_Input data_.
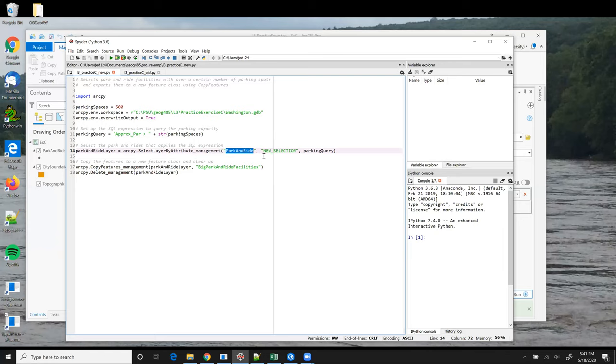Because we set up the workspace, we can just put the name of the feature class rather than its full path. We also could have stored the name of the feature class in a variable and plugged that variable in here. The second parameter is the selection method, whether we want to create a new selection, add to the existing selection, select from the current selection, et cetera. Here we want to create a new selection.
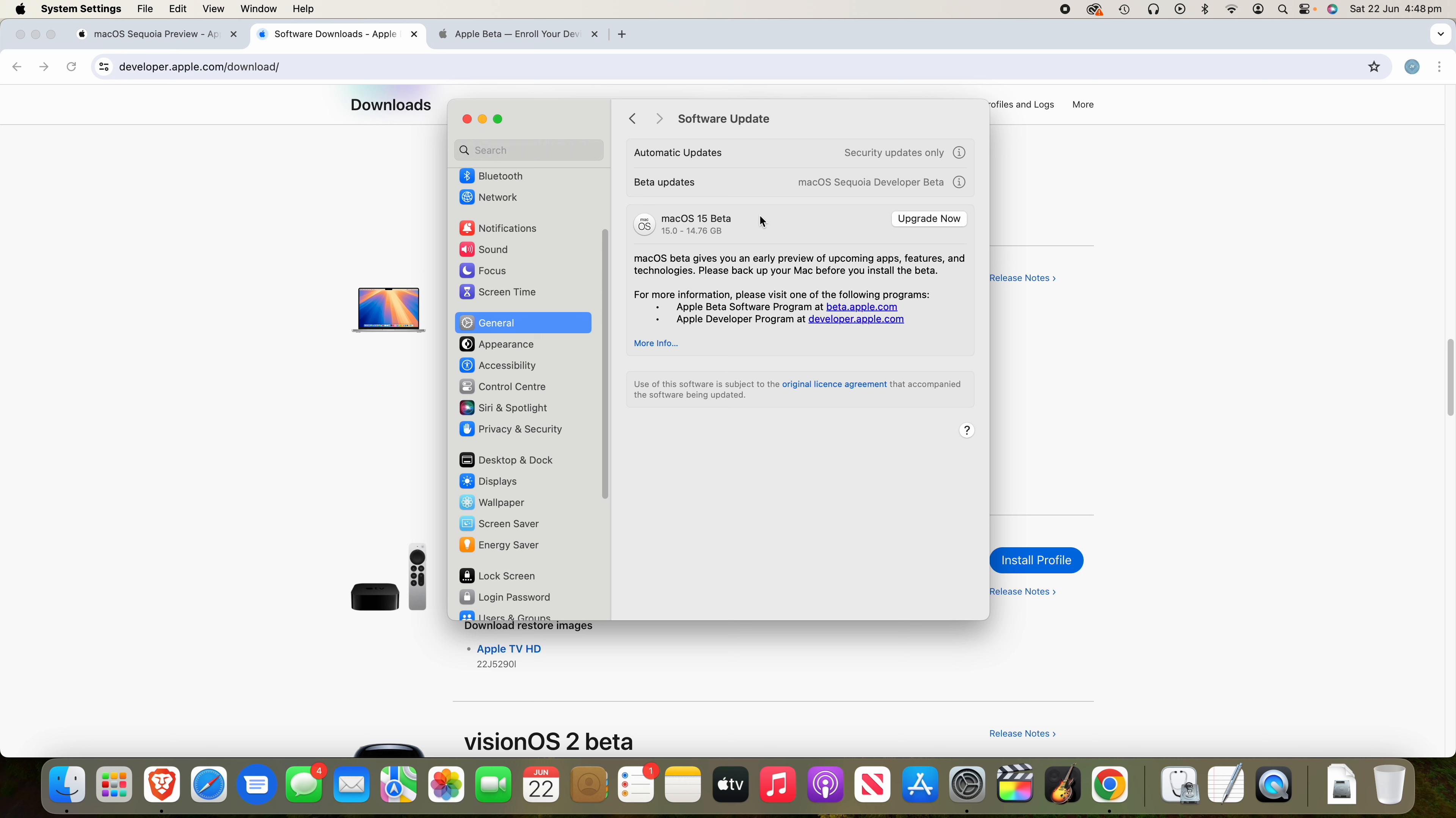It's also worth noting that Apple intelligence features are not out yet. So if you're installing this because you want to try those out, as of the time of recording this video, they're not out currently. So just be aware of that. And you also do need an M series Mac or later.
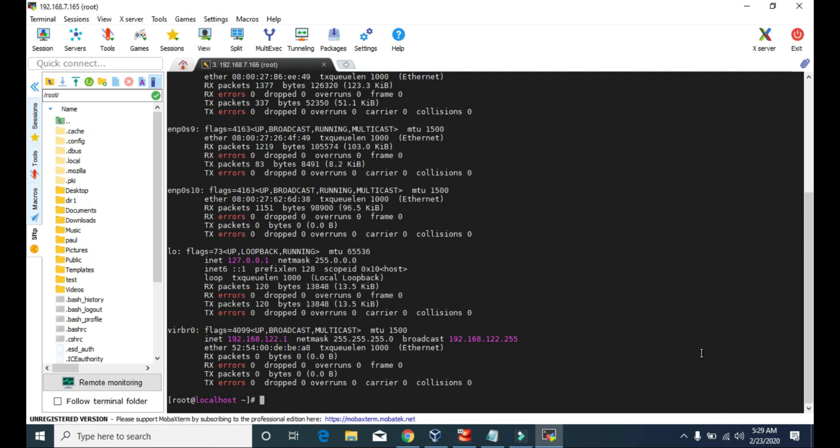We will be using this MobaXterm application to learn other Linux commands.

_Requirement_. No picture is to be included when the lines from the one containing "It's also worth" through the end of the material above are output exactly; nothing else is written.

_Response box_.
It's also worth noting that Apple intelligence features are not out yet. So if you're installing this because you want to try those out, as of the time of recording this video, they're not out currently. So just be aware of that. And you also do need an M series Mac or later.
We will be using this MobaXterm application to learn other Linux commands.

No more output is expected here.